The Nobel Foundation got it right.
The Foundation announced this month that it will not withdraw its 1991 Peace Prize award to Aung San Suu Kyi, despite the stampede by other groups to cancel the honors that they heaped on her when she was campaigning for democracy in Myanmar.
As the Nobel Foundation put it, it is “regrettable” that the laureate has not done more, now that she is the civilian leader of her country, to stop the violence against the Muslim Rohingya population in Myanmar. But her prize will not be withdrawn for two good reasons.
First and foremost, the committee’s rules do not allow the withdrawal of awards.
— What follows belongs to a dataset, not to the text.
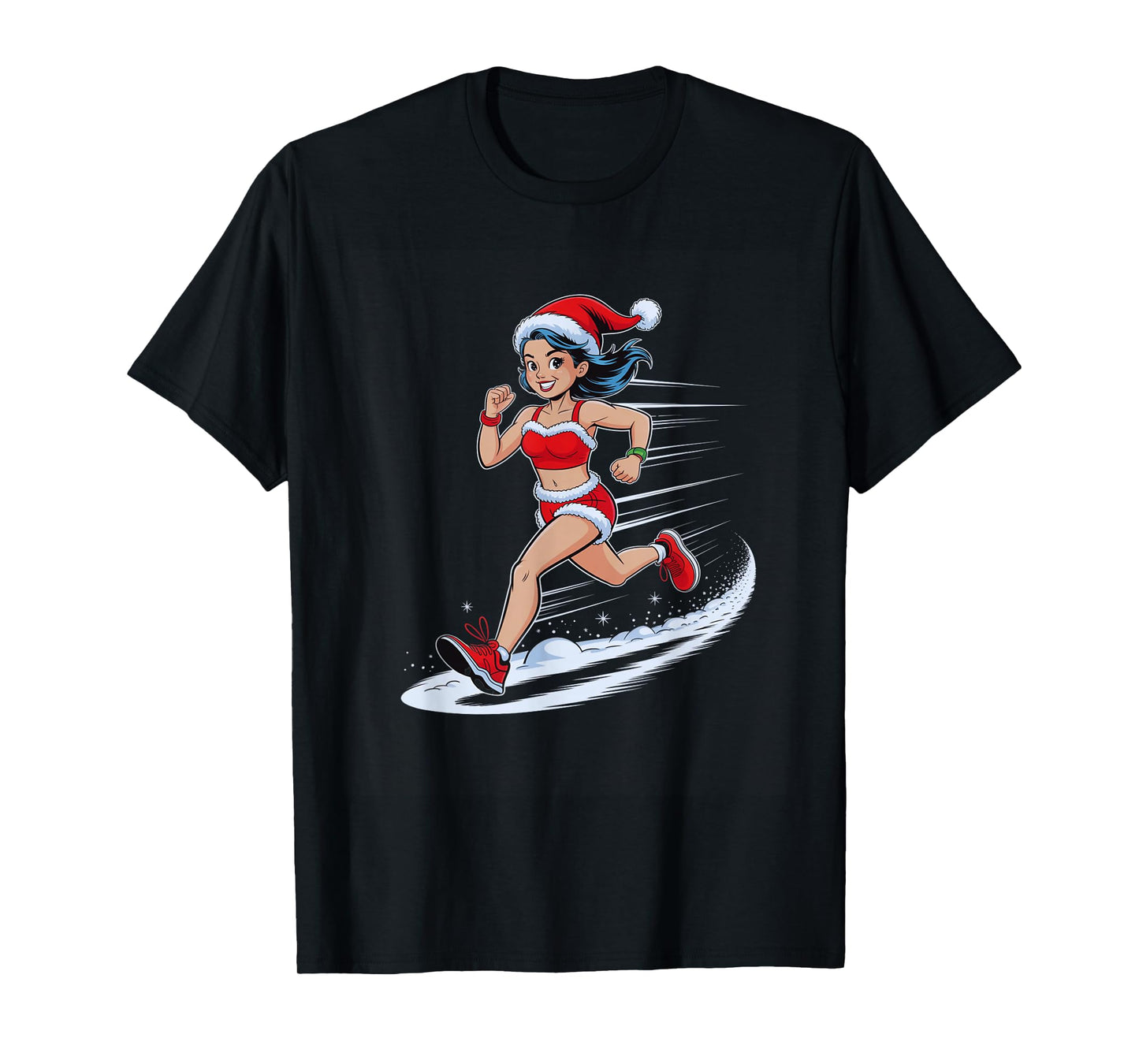 Christmas Running Santa Girl Holiday Jogger Workout Jogging T-Shirt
Second, even if the Peace Prize could be revoked, doing so would trigger questions about the conduct of other recipients since they received the prize, leading to a revisionist slippery slope. Did President Barack Obama do enough to stop the use of chemical weapons in Syria? Did Palestinian Authority President Yasser Arafat siphon off millions intended to help the Palestinian people? Was Henry Kissinger a great statesman or a war criminal for prolonging bombing in Cambodia and Vietnam?
A third reason could well be added: The real blame for the continuing violence against ethnic groups in Myanmar should be heaped on Senior General Min Aung Hlaing, not Aung San Suu Kyi. He is the head of the army, known as the Tatmadaw, which still retains the lion’s share of power in Myanmar.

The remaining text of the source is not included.